The work opens with ‘’Seeing comes before words, the child looks and recognizes before he or she can speak’’. With this statement, John Berger addresses what he believes to be vital to the understanding of the world humans inhabit. Any child can examine his or her surroundings and from this perspective is born. ‘’But there is also another sense in which seeing comes before words. It is seeing which establishes our place in the surrounding world; we explain that world with words, but words can never change the fact that we are surrounded by it.
The relation between what we see and what we know is never settled. Each evening we see the sunset. We know that the earth is turning away from it. Yet the knowledge, the explanation, never quite fits the sight.’’ Says John Berger. He believes images are a language in which they could define people’s experiences more accurately where words cannot. Instead of images just being reproductions, they can reveal our experiences; past and present.
Berger is a strong believer in the saying “a picture is worth a thousand words” but he feels today’s society doesn’t live up to this expression’s standards.
According to John Berger, the image is a remanufactured appearance, and there is a vision in every image. However, our perception or evaluation of an image also depends on our ways of seeing. Mankind has seen ever since he opened his eyes to the world and interprets what he sees. However, this interpretation varies in terms of the development and thoughts of man.
John Berger discusses and compares many things in his work, ways of seeing. If I had to exemplify from some of them, I would say ‘’seeing’’ and ‘’looking’’. Actually John Berger’s principles lead these two things to emerge.
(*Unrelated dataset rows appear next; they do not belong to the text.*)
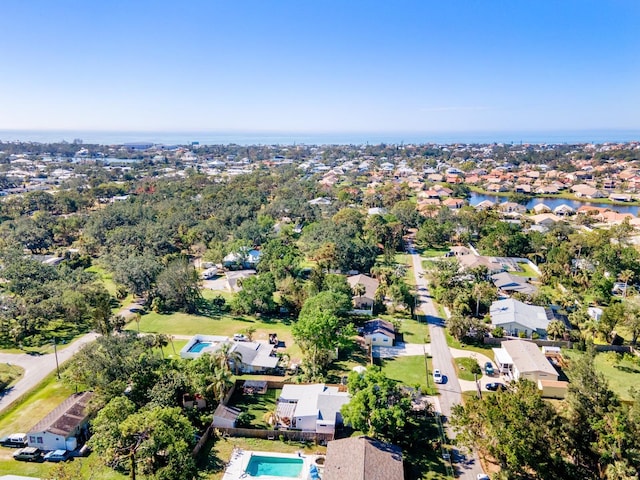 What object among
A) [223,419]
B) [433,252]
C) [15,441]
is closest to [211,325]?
[223,419]

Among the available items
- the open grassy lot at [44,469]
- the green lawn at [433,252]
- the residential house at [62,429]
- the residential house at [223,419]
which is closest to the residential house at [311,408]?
the residential house at [223,419]

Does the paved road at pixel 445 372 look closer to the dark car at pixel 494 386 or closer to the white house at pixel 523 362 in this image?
the dark car at pixel 494 386

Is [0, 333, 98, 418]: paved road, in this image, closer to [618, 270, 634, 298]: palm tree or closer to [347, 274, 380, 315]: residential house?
[347, 274, 380, 315]: residential house

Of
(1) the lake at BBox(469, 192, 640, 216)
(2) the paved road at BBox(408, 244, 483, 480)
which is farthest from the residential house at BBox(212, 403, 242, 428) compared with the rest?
(1) the lake at BBox(469, 192, 640, 216)

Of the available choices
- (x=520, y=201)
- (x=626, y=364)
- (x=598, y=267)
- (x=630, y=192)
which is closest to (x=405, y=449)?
(x=626, y=364)

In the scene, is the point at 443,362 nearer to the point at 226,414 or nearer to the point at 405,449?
the point at 405,449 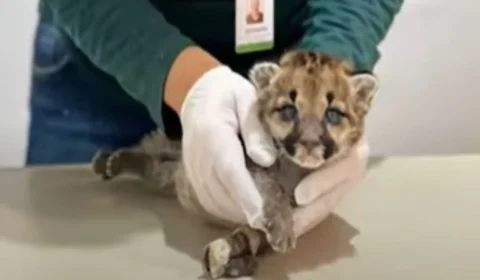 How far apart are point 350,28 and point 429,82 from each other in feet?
1.50

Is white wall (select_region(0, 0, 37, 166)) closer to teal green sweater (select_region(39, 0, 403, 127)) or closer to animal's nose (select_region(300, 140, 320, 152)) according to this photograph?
teal green sweater (select_region(39, 0, 403, 127))

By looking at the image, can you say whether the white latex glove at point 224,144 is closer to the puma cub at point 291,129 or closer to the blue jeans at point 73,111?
the puma cub at point 291,129

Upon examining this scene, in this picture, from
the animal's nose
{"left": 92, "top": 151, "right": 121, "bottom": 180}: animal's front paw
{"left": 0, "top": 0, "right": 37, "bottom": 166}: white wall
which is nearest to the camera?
the animal's nose

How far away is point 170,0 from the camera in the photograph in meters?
0.90

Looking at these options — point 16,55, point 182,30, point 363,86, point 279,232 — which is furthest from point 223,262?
point 16,55

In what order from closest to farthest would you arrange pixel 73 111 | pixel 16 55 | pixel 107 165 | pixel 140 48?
pixel 140 48, pixel 107 165, pixel 73 111, pixel 16 55

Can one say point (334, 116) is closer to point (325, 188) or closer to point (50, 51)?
point (325, 188)

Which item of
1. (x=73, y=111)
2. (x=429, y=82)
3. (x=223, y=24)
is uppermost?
(x=223, y=24)

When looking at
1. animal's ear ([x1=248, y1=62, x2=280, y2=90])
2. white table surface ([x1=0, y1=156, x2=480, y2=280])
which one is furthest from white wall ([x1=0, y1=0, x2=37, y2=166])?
animal's ear ([x1=248, y1=62, x2=280, y2=90])

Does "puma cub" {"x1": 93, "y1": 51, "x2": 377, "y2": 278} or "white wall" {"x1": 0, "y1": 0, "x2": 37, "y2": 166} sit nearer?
"puma cub" {"x1": 93, "y1": 51, "x2": 377, "y2": 278}

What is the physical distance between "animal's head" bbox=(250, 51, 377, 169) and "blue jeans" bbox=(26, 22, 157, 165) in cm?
29

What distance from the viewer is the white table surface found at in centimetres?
72

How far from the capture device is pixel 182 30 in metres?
0.92

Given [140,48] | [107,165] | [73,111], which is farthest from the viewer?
[73,111] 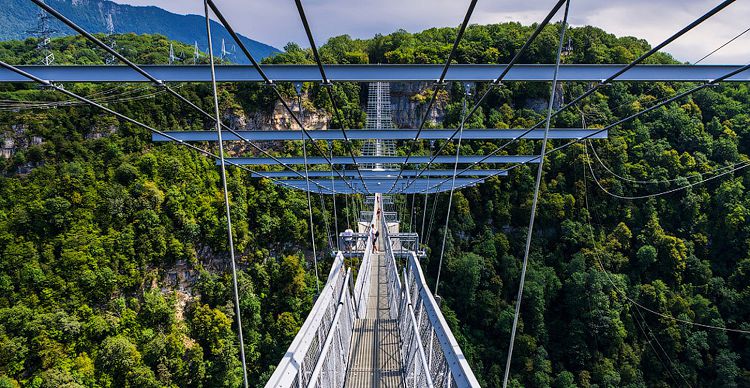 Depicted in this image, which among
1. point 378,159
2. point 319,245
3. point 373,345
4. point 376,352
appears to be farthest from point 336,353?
point 319,245

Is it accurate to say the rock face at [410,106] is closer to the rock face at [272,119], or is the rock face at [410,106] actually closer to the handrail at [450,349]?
the rock face at [272,119]

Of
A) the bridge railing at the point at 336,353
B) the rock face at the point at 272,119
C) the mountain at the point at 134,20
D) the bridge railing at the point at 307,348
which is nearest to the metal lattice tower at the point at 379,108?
the rock face at the point at 272,119

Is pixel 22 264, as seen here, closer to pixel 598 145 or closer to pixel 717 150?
pixel 598 145

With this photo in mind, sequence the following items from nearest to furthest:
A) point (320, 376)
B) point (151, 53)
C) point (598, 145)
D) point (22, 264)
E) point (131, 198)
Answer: point (320, 376) < point (22, 264) < point (131, 198) < point (598, 145) < point (151, 53)

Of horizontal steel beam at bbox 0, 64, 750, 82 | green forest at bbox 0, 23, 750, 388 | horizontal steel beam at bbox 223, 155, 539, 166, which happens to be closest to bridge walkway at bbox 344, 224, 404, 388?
horizontal steel beam at bbox 223, 155, 539, 166

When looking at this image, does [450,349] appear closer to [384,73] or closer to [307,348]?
[307,348]

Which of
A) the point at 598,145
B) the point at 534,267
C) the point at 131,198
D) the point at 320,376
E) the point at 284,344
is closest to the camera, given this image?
the point at 320,376

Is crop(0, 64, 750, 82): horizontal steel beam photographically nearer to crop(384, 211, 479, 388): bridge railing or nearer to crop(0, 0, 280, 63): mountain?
crop(384, 211, 479, 388): bridge railing

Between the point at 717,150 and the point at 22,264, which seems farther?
the point at 717,150

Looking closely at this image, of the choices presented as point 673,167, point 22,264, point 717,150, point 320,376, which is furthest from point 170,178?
point 717,150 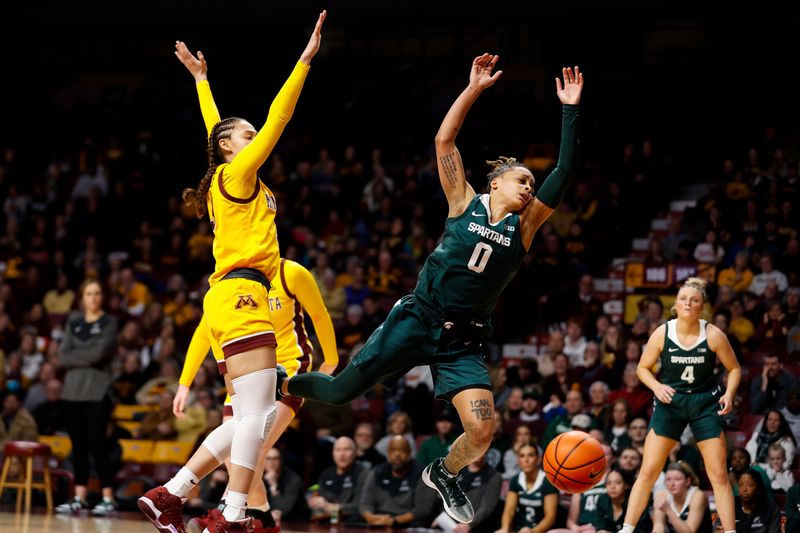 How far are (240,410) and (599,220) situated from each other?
10.6 metres

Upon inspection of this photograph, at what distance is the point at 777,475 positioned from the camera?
11.1 metres

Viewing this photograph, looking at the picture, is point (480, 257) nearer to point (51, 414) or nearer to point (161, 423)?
point (161, 423)

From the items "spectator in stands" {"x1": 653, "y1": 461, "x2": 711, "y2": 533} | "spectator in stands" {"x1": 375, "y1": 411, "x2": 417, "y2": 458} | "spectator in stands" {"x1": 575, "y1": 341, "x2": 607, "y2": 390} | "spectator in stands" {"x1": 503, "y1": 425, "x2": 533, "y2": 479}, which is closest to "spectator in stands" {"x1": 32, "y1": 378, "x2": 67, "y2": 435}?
"spectator in stands" {"x1": 375, "y1": 411, "x2": 417, "y2": 458}

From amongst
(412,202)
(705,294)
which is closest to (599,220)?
(412,202)

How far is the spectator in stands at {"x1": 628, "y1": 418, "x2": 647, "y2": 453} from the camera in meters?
11.5

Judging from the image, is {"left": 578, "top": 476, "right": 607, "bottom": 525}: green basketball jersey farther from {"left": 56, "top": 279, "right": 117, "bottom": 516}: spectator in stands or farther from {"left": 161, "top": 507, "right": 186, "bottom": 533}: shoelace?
{"left": 161, "top": 507, "right": 186, "bottom": 533}: shoelace

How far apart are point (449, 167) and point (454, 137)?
18 centimetres

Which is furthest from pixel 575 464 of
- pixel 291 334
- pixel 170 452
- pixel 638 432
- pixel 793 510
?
pixel 170 452

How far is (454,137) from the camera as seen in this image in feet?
22.7

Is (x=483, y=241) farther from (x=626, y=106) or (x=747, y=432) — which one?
(x=626, y=106)

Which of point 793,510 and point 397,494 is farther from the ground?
point 793,510

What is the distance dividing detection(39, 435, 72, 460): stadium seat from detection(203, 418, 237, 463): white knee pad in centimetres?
821

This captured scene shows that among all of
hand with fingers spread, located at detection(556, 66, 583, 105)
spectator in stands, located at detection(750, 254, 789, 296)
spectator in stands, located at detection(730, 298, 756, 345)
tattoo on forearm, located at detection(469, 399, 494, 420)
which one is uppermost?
hand with fingers spread, located at detection(556, 66, 583, 105)

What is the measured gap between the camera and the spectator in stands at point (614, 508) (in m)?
10.5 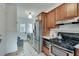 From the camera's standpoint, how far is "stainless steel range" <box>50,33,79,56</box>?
6.57 ft

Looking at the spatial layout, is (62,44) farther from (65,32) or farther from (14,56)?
(14,56)

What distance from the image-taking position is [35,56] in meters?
2.12


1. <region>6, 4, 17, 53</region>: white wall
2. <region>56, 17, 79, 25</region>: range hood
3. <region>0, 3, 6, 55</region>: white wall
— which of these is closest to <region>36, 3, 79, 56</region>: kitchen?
<region>56, 17, 79, 25</region>: range hood

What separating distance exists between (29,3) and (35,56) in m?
0.93

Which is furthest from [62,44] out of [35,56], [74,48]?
[35,56]

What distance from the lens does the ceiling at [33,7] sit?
2.09m

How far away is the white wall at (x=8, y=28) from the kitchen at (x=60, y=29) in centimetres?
47

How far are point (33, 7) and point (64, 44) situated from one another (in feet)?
2.79

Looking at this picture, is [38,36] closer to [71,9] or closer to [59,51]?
[59,51]

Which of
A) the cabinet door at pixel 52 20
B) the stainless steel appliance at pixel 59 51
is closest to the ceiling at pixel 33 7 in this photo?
the cabinet door at pixel 52 20

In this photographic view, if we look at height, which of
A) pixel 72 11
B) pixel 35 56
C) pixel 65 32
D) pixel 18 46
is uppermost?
pixel 72 11

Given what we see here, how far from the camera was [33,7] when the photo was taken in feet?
6.97

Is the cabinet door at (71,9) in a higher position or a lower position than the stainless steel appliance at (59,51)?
higher

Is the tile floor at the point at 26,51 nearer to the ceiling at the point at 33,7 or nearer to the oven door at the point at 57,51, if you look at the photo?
the oven door at the point at 57,51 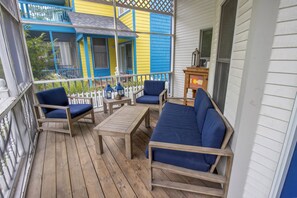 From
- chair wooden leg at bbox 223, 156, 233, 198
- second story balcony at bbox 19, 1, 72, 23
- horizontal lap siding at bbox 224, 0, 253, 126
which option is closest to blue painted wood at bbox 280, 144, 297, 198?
chair wooden leg at bbox 223, 156, 233, 198

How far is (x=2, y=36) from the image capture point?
188 cm

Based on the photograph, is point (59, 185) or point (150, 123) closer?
point (59, 185)

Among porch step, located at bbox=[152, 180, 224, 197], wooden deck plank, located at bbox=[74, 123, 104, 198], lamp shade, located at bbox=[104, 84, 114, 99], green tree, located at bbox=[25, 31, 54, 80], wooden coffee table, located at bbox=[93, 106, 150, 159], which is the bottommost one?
wooden deck plank, located at bbox=[74, 123, 104, 198]

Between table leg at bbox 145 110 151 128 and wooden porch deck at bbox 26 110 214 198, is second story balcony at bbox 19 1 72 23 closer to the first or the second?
wooden porch deck at bbox 26 110 214 198

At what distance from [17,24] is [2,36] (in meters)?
1.49

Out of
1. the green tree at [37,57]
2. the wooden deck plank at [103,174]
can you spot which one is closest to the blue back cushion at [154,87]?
the wooden deck plank at [103,174]

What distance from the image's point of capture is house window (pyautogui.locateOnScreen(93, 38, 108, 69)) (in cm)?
643

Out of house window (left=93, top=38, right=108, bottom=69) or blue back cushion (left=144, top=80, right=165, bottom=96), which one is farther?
house window (left=93, top=38, right=108, bottom=69)

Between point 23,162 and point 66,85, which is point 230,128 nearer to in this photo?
point 23,162

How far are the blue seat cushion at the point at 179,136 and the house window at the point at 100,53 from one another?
4.87 metres

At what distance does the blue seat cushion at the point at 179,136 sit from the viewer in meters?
1.53

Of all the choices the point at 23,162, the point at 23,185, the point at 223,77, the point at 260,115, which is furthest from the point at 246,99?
the point at 23,162

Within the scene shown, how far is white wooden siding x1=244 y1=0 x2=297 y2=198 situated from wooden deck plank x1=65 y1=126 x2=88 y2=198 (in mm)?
1718

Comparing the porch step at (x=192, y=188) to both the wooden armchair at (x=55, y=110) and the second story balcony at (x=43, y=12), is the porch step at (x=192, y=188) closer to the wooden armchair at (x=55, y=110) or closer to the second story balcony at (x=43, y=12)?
the wooden armchair at (x=55, y=110) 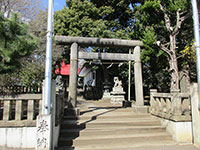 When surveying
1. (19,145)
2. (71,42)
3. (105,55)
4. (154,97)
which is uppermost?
(71,42)

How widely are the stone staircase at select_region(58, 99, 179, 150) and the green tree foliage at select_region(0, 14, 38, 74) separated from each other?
8.76ft

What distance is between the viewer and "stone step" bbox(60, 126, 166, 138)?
4859mm

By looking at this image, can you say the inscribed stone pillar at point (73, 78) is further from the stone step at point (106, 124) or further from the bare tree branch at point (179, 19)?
the bare tree branch at point (179, 19)

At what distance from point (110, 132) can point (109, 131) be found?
0.16 ft

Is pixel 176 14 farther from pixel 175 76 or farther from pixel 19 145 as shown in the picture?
pixel 19 145

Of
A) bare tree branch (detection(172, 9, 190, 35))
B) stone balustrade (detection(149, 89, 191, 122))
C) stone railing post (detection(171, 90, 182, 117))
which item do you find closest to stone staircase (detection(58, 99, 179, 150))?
stone balustrade (detection(149, 89, 191, 122))

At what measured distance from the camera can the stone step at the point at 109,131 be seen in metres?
4.86

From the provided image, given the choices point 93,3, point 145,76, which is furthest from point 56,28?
point 145,76

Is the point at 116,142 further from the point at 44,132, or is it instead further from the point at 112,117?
the point at 44,132

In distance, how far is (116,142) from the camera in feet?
15.3

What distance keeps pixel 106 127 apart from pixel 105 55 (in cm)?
318

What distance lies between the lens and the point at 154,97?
6.32 meters

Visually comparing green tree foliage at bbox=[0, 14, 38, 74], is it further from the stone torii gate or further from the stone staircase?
the stone staircase

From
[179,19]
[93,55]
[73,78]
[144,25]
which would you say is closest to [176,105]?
[93,55] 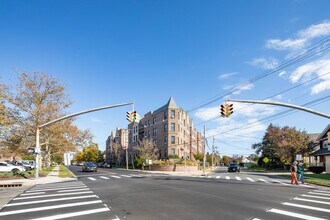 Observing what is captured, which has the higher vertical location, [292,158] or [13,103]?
[13,103]

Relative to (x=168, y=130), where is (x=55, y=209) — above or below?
below

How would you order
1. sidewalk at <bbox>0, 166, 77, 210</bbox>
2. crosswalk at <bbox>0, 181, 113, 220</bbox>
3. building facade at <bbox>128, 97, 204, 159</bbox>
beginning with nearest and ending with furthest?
crosswalk at <bbox>0, 181, 113, 220</bbox> < sidewalk at <bbox>0, 166, 77, 210</bbox> < building facade at <bbox>128, 97, 204, 159</bbox>

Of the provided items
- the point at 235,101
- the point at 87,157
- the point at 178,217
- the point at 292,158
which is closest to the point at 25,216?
the point at 178,217

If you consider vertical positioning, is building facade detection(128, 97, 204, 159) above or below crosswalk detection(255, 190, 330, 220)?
above

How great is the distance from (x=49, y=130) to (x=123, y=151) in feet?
169

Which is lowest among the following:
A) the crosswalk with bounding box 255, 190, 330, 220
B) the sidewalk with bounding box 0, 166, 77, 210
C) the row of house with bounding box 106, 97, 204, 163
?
the sidewalk with bounding box 0, 166, 77, 210

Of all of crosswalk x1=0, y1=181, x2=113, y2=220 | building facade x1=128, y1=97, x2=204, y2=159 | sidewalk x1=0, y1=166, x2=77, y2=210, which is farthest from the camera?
building facade x1=128, y1=97, x2=204, y2=159

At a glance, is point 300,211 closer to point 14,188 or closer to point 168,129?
point 14,188

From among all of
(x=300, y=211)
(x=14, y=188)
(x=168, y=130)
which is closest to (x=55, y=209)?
(x=300, y=211)

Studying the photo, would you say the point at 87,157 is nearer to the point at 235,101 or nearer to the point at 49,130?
the point at 49,130

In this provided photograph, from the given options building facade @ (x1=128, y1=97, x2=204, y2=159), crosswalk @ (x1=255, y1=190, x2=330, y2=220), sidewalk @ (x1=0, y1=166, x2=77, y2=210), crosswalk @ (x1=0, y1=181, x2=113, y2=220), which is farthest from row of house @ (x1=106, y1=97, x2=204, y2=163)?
crosswalk @ (x1=0, y1=181, x2=113, y2=220)

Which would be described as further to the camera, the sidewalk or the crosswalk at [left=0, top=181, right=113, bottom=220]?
the sidewalk

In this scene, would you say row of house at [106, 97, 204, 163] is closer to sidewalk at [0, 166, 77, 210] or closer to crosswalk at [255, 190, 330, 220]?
sidewalk at [0, 166, 77, 210]

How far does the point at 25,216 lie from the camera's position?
29.6 ft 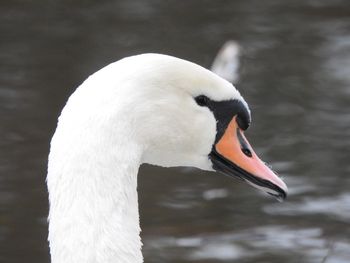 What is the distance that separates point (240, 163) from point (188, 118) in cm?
29

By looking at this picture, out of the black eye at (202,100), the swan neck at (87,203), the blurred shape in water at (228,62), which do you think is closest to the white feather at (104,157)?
the swan neck at (87,203)

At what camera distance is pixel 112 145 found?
3430mm

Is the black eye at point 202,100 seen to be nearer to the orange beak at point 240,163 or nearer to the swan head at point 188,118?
the swan head at point 188,118

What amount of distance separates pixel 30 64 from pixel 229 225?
9.02 ft

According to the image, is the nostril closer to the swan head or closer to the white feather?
the swan head

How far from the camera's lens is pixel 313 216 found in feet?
23.2

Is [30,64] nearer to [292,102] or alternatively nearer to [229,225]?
[292,102]

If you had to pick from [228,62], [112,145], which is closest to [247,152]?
[112,145]

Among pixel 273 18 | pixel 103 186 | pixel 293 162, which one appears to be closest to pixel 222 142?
pixel 103 186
“One of the aims of this essay has been to show that what is really at stake is much larger. A people or a class which is cut off from its own past is far less free to choose and to act as a people or class than one that has been able to situate itself in history.” Says Berger. He discusses that a proper interpretation of any image must contain a clear understanding of one’s own historical and social position. People must use their own lived experience. Berger asserts that we are limited in what we choose to see because we don’t look at only one thing to understand it in its entirety.